Borong, Okebajo.com – Sejumlah warga Desa Satar Punda Barat, Kecamatan Lamba Leda Utara, Kabupaten Manggarai Timur, NTT, resah dengan kebijakan pemerintah desa setempat.
Keresahan itu muncul, usai pihak pemerintah desa bersama ketua RT salah satu wilayah desa itu bersepakat secara sepihak perihal pungutan sejumlah uang kepada warganya.
Dasar uang pungutan itu disepakati, dengan dalil sebagai biaya administrasi proses pengurusan sertifikat atau prona tanah yang dihadiri oleh pihak Badan Pertahanan Nasional (BPN) Manggarai Timur.
“Saat itu kami tidak tahu seperti apa aturan (pengurusan sertifikat tanah, red) republik ini karena kepala RT mendatangi kami untuk minta fotocopy KTP dan biaya administrasi. Kami kasih saja, karena kami tidak tahu aturan”, aku salah seorang warga pengurus sertifikat tanah asal RT 01, Dusun Watu Hedok, Desa Satar Punda Barat, Kecamatan Lamba Leda Utara, Kabupaten Manggarai Timur, yang enggan disebutkan namanya kepada wartawan, Kamis (23/3).
Dikisahkan warga itu, mulanya pungutan biaya administrasi tersebut diminta ketika pada Desember 2022 lalu, ketua RT 01 bernama Siprianus Savino mendatangi warga dua RT untuk meminta fotocopy KTP sekaligus biaya administrasi sebesar Rp50.000 per warga sasaran.
Berdasarkan keterangan ketua RT tersebut, uang pungutan itu merupakan uang administrasi untuk memfasilitasi para petugas saat proses pengurusan tanah.

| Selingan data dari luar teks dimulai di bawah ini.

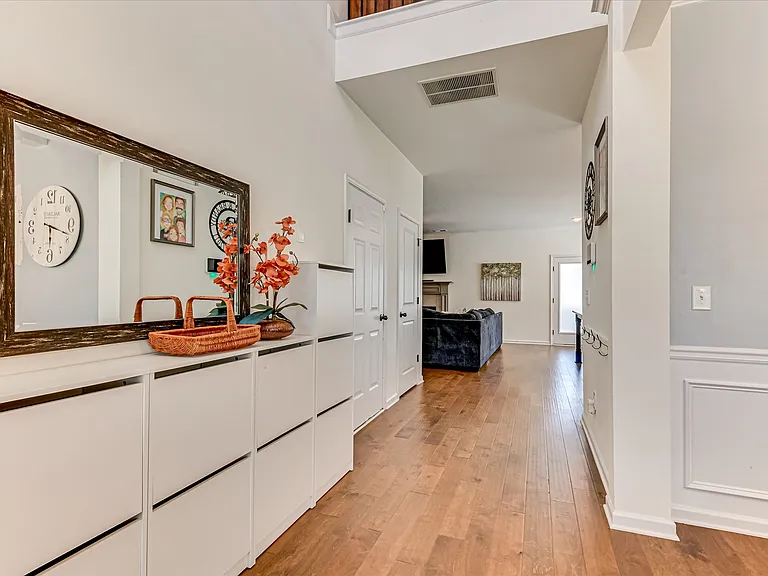 251 Haverford Dr — Photo 49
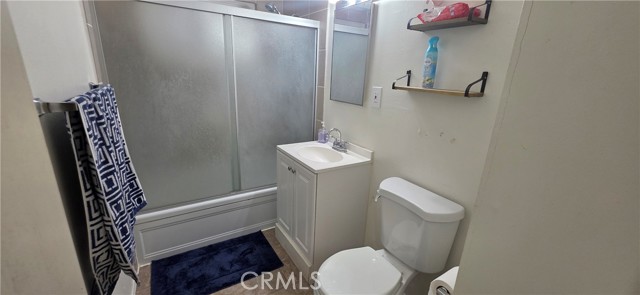 Detail Gallery Image 14 of 28 For 3133 Pat, Mojave,  CA 93501 - 4 Beds | 1/1 Baths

“Uang administrasi yang diminta RT itu katanya untuk konsumsi mereka yang mengurusi itu”, ujarnya.
Namun belakangan, warga mulai memperoleh informasi bahwa kepengurusan sertifikat tanah untuk masyarakat miskin berlaku gratis.
Selain itu, warga bersangkutan juga telah mendapatkan informasi bahwa pihak pemerintah desa telah mengembalikan uang administrasi milik warga dusun lainnya di desa mereka.
“Kami mulai sadar setelah ada informasi uang warga di dusun lain dikembalikam lagi. Berarti gratis urusan sertifikat ini. Bagaimana dengan uang kami, kenapa kami punya tidak dikembalikan? tanyanya.
Lantas, mereka mulai menyadari jika kepengurusan sertifikat atau prona tanah itu berlaku gratis untuk warga miskin. Hal itu lalu membuat mereka berang dan meminta agar pemerintah desa segera mengembalikan uang mereka yang dipungut ketua RT.
Savio Diperintahkan Aparat Desa Menagih Pungutan ke Warga
Ketua RT 01, Siprianus Savio, saat diwawancarai media di kediamannya membenarkan jika warga RT-nya dipungut Rp50.000 untuk mengurus sertifikat tanah bagian pekarangan rumah.
Pungutan itu, kata Savio, atas dasar kesepakatan bersama dari pemerintah desa. Tujuannya, lanjut dia, untuk biaya akomodasi para petugas yang terlibat selama kegiatan tersebut.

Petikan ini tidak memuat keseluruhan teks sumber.